Anne : Je suis Anne Dumont, médecin, psychiatre, maman de deux petites filles de 5 ans et 2 ans. J’ai été formée à la psychologie de l’enfant et de la maman. La question du doudou est très abordée chez les parents car il arrive que des enfants soient très collés à leur doudou et parfois ce n’est pas du tout le cas avec des enfants qui n’en ont pas du tout ! La question du doudou peut donc susciter beaucoup de questions, et aujourd’hui je suis là pour y répondre…

La Pelucherie : Alors, notre première question ce serait tout simplement : à quoi sert le doudou pour un bébé ?

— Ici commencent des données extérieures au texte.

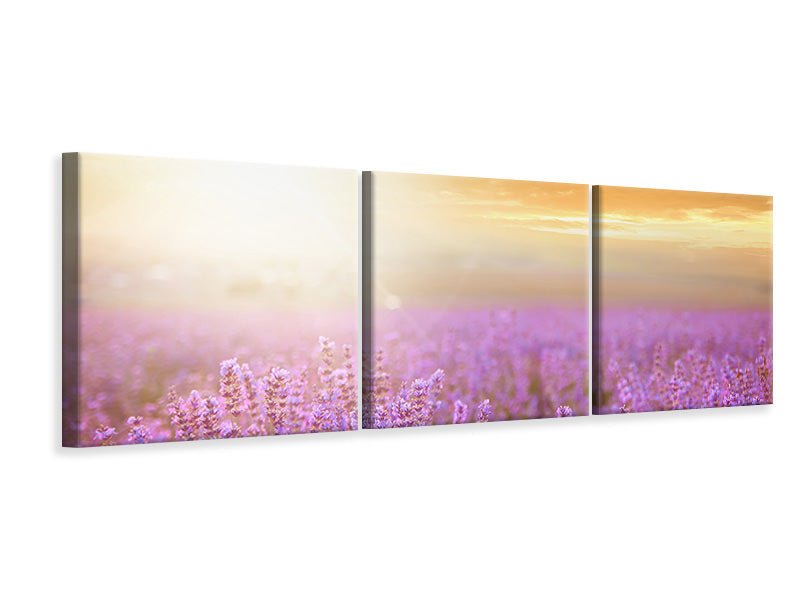 Panorama Leinwandbild 3-teilig Sonnenuntergang beim Lavendelfeld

Anne : C’est un objet de sécurité avant toute chose. Un objet de sécurité affective, mais également quelque chose qui permet l’organisation et la construction de la pensée du bébé. Cette construction passe par un objet, qu’on appelle objet transitionnel et qui permet de faire le trait d’union entre la vie intérieure du bébé, ses ressentis, ses émotions, et le monde extérieur. Cet objet va lui permettre d’appréhender le monde avec plus de facilité, et de transformer ses affects, car les émotions sont très puissantes chez les tout-petits, beaucoup plus que chez les adultes. Le doudou permet donc de réguler ces émotions.

La Pelucherie : C’est donc pour ça que dès qu’ils ont un petit chagrin, les bébés l’attrapent…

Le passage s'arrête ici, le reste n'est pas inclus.